Of the material below, only the lines from the line containing "Popielniczka z naturalnego" down to the line containing "UGG Shoes - 🎉Host" belong in the answer, written out exactly.

● **Listed entries**:
● ● ● ●

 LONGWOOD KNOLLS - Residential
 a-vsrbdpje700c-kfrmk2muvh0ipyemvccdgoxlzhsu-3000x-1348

● ● ● ●

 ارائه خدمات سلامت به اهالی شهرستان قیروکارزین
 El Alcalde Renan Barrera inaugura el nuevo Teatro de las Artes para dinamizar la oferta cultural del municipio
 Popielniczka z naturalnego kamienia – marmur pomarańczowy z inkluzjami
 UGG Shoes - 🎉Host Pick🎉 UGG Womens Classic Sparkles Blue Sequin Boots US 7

● ● ● ●

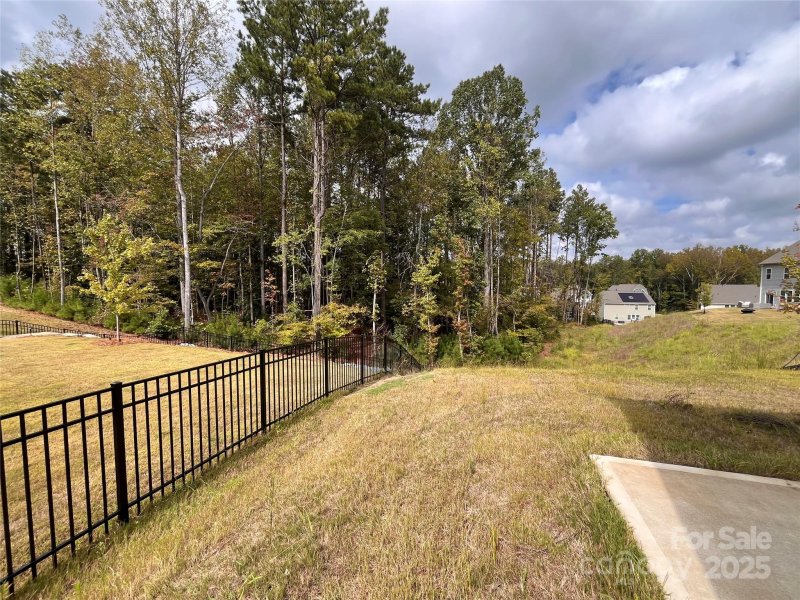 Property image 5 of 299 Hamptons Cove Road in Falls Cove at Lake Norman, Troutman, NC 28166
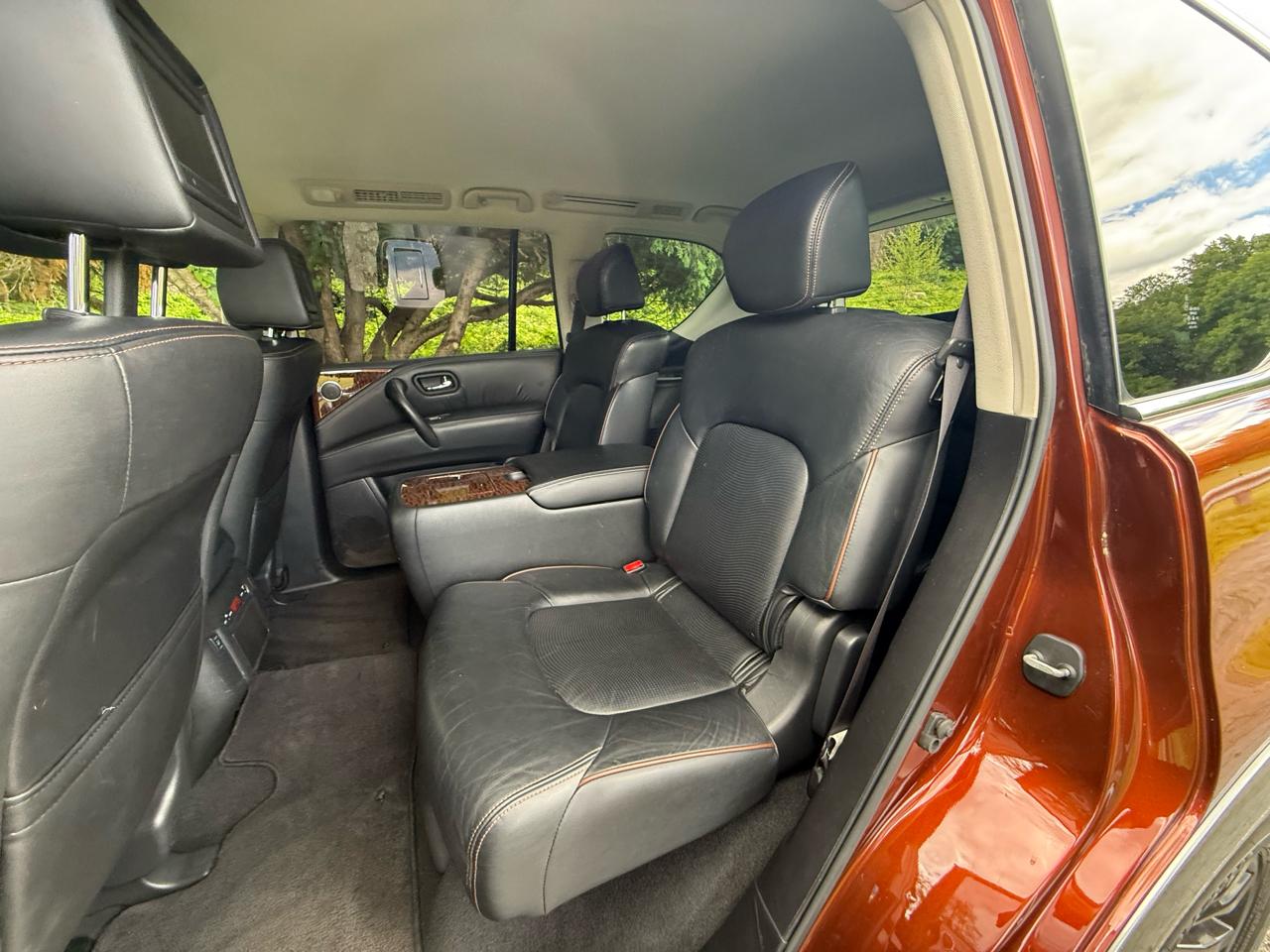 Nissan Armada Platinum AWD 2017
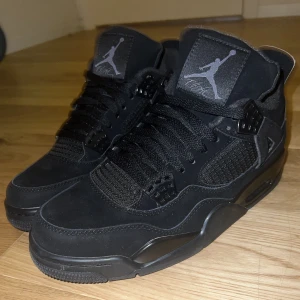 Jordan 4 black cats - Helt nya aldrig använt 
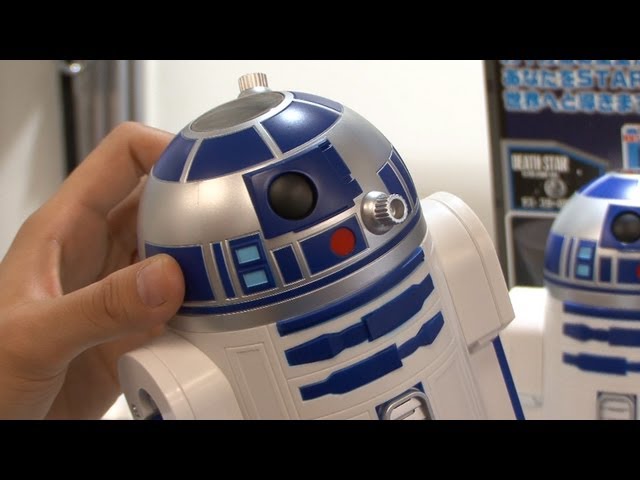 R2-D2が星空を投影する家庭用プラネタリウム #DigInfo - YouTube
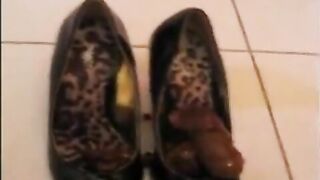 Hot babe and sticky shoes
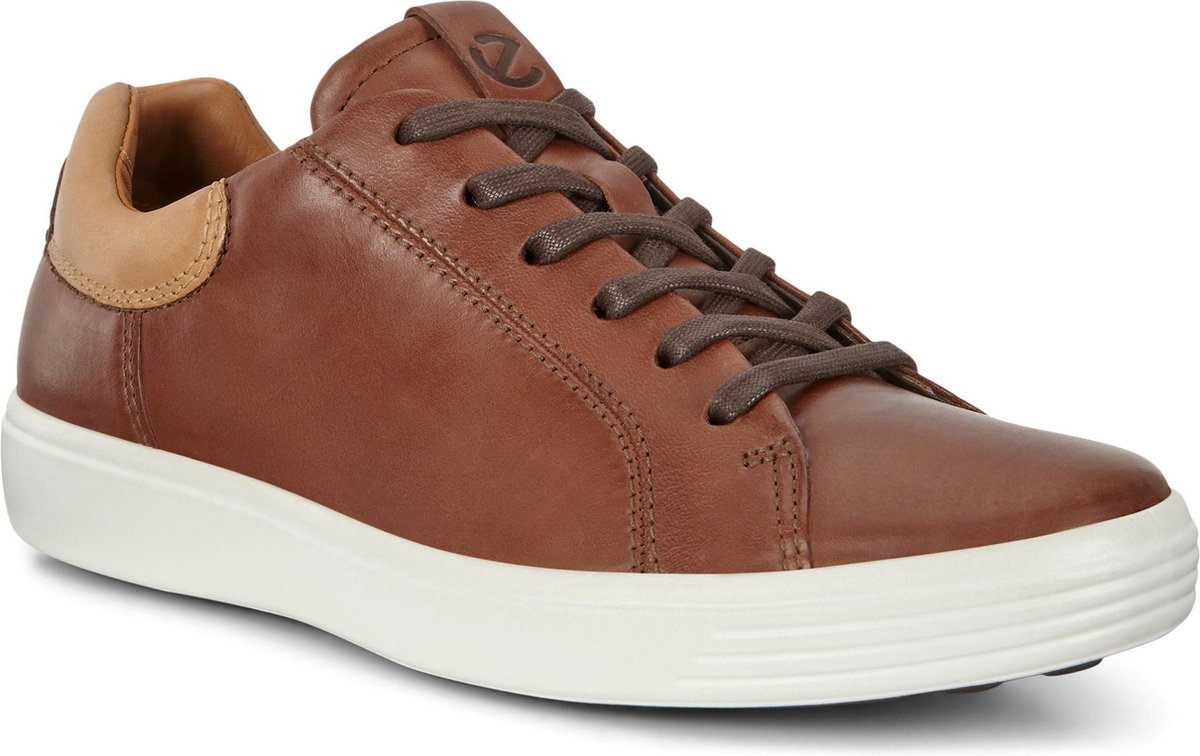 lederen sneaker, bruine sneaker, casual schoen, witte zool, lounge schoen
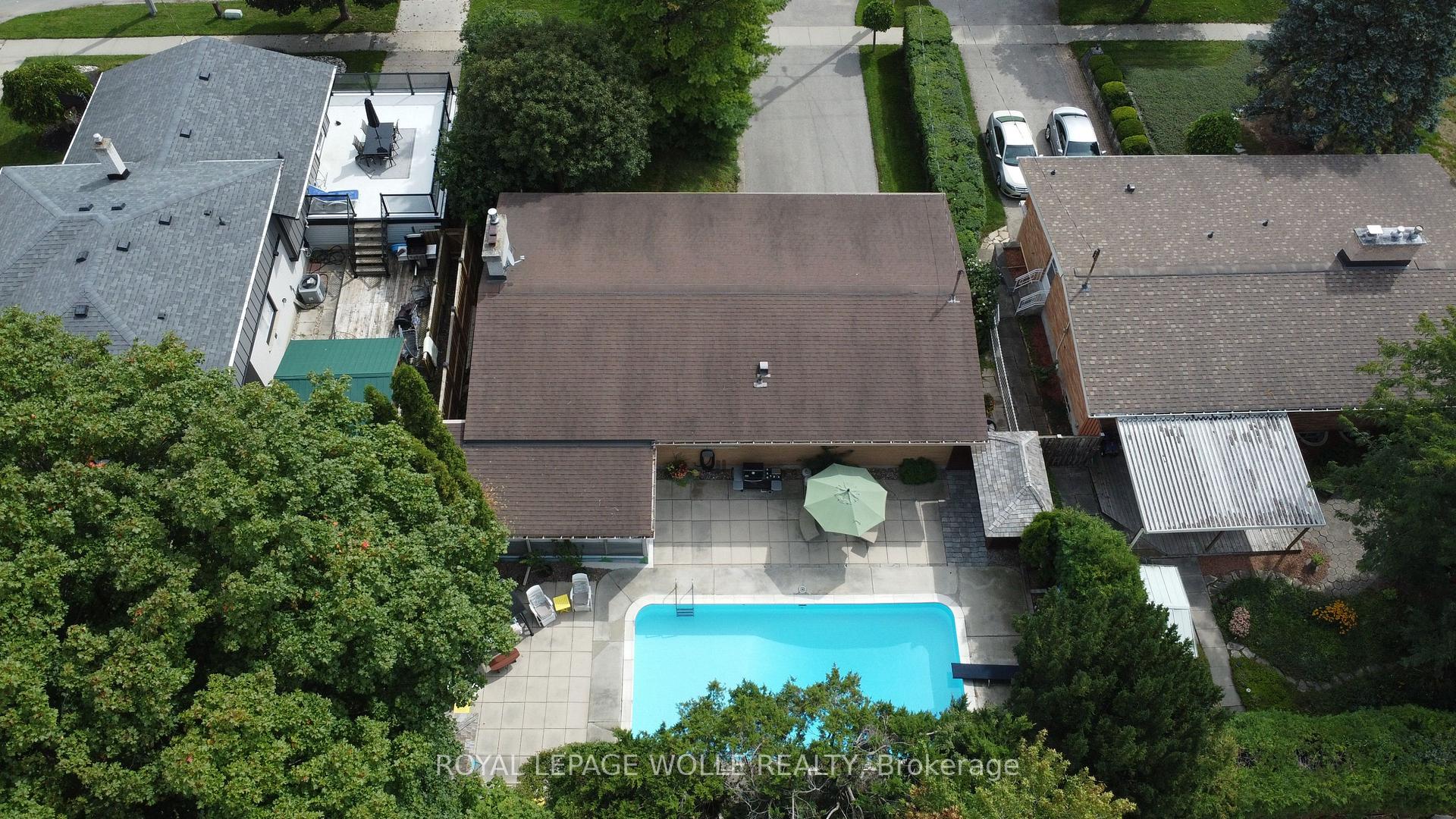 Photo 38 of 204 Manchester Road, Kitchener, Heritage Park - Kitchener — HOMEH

● ● ● ●

● **Answer box**:
 Popielniczka z naturalnego kamienia – marmur pomarańczowy z inkluzjami
 UGG Shoes - 🎉Host Pick🎉 UGG Womens Classic Sparkles Blue Sequin Boots US 7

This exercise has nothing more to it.